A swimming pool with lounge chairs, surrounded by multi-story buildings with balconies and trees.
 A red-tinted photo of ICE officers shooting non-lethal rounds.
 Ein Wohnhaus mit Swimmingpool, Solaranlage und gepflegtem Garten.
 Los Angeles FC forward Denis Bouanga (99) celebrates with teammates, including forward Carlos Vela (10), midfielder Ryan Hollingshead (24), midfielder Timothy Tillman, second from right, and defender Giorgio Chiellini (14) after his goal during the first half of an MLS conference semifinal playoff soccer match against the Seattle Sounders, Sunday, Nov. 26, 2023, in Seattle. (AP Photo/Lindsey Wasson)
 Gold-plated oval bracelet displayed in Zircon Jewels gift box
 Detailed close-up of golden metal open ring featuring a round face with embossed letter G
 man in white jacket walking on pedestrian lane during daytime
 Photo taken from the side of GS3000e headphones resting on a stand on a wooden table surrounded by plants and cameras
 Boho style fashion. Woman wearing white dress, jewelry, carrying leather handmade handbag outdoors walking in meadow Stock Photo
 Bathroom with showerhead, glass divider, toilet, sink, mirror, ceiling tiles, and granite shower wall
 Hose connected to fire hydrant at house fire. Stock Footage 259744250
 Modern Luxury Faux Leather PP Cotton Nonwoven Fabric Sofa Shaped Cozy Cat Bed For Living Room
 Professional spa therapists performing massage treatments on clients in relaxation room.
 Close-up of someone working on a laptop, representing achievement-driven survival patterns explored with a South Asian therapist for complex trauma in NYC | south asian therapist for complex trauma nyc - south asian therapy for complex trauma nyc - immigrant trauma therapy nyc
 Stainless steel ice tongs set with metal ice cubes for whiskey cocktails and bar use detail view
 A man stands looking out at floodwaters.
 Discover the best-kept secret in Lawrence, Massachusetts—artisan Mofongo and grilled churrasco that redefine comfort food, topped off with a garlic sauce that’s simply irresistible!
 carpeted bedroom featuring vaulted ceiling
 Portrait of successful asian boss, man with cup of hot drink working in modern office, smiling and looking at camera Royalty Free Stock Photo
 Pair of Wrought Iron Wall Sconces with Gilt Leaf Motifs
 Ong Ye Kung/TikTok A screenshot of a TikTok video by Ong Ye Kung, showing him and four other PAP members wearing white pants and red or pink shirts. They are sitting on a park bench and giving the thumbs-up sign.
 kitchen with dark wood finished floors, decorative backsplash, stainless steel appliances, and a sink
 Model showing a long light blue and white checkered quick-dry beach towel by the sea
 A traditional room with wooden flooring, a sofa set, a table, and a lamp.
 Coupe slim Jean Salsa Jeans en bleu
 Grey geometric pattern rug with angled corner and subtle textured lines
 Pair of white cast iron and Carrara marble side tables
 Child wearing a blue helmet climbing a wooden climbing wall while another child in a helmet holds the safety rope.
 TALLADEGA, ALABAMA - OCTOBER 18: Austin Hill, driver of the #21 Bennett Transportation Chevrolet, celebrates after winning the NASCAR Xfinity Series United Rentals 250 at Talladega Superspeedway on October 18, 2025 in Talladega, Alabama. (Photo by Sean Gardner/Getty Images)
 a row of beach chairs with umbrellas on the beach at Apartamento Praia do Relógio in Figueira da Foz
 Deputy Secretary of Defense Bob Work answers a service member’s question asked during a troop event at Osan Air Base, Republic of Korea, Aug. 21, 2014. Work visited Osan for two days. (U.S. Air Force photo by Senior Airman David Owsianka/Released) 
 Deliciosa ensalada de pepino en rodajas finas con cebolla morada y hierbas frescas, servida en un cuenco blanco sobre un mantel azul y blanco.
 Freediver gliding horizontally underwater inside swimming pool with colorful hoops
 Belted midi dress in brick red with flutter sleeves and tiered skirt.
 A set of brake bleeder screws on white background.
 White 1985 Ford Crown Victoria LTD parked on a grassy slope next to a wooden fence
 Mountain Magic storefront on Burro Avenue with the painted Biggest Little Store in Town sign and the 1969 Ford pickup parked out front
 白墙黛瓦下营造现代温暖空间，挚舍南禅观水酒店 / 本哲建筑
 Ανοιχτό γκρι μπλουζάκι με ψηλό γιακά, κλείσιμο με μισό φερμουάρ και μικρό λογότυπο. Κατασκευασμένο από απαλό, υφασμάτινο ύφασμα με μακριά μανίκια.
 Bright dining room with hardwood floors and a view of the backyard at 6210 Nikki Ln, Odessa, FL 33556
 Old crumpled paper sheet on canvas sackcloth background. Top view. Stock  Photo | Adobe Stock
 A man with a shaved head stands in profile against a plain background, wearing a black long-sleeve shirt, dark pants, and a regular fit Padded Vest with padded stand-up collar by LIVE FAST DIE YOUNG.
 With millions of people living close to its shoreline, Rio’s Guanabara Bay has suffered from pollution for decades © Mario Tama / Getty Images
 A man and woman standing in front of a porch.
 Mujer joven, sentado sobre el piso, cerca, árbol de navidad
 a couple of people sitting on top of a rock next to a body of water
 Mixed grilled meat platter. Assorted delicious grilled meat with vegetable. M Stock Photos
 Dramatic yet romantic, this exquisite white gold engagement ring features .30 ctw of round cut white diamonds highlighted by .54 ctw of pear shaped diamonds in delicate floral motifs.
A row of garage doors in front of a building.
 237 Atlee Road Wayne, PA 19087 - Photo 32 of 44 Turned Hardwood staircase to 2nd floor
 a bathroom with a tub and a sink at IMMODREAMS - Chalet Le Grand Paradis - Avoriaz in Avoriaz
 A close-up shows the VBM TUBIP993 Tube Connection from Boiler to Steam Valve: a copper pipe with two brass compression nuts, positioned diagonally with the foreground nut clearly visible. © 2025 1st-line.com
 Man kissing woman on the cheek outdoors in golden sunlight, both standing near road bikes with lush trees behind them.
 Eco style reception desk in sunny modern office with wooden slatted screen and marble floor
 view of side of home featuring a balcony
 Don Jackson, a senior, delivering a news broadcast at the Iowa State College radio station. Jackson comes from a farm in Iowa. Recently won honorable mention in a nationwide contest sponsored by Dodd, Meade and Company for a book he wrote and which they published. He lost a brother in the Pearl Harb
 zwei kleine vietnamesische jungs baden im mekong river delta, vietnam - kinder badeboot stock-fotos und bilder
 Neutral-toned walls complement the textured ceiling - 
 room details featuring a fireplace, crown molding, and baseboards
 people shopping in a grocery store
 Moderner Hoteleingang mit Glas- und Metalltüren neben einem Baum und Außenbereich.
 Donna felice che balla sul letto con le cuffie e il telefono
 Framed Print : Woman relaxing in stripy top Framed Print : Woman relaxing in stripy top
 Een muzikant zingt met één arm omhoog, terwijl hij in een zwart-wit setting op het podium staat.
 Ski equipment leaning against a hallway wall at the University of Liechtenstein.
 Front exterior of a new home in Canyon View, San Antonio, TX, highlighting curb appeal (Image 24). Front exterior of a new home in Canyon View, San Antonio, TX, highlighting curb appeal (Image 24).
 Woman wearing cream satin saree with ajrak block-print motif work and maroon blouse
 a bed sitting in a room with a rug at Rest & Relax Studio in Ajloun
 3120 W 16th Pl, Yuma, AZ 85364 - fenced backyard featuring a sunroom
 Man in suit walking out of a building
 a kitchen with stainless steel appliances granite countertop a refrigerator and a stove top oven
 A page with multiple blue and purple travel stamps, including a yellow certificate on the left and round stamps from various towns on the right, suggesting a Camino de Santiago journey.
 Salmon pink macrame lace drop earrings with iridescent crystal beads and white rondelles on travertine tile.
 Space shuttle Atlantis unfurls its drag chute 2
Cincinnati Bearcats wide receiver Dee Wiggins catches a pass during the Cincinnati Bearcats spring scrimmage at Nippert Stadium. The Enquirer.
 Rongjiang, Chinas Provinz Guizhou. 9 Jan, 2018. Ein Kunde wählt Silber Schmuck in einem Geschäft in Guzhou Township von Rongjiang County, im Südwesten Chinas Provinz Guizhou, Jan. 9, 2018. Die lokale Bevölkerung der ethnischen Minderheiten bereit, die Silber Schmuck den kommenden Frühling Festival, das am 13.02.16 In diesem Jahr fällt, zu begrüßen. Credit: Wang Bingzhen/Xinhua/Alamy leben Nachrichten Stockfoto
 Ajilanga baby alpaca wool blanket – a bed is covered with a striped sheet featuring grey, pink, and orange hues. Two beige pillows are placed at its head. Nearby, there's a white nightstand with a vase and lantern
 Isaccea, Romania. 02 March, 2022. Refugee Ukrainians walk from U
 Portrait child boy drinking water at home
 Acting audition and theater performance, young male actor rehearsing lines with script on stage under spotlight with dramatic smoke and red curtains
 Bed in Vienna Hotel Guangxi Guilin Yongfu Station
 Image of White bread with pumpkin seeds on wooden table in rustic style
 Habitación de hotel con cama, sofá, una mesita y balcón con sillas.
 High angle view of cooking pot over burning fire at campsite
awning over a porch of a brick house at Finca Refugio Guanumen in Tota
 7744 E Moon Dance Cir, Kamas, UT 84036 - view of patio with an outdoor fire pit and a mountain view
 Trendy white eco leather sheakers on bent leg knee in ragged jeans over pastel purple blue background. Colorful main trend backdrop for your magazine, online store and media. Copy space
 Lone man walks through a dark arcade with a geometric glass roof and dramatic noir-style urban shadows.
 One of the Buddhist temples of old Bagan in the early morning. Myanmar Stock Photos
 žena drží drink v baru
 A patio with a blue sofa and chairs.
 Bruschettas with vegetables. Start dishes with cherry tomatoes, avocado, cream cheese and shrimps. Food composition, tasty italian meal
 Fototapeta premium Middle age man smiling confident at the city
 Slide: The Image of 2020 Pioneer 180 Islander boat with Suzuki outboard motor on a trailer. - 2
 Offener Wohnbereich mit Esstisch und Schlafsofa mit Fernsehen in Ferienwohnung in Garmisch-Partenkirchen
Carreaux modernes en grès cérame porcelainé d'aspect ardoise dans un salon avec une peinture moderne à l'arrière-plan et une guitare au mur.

_THE TASK:_ Your answer must be the lines above from the one containing "a bed sitting" to the one containing "Cincinnati Bearcats wide", both included, restated word for word.

_WRITTEN RESPONSE:_
 a bed sitting in a room with a rug at Rest & Relax Studio in Ajloun
 3120 W 16th Pl, Yuma, AZ 85364 - fenced backyard featuring a sunroom
 Man in suit walking out of a building
 a kitchen with stainless steel appliances granite countertop a refrigerator and a stove top oven
 A page with multiple blue and purple travel stamps, including a yellow certificate on the left and round stamps from various towns on the right, suggesting a Camino de Santiago journey.
 Salmon pink macrame lace drop earrings with iridescent crystal beads and white rondelles on travertine tile.
 Space shuttle Atlantis unfurls its drag chute 2
Cincinnati Bearcats wide receiver Dee Wiggins catches a pass during the Cincinnati Bearcats spring scrimmage at Nippert Stadium. The Enquirer.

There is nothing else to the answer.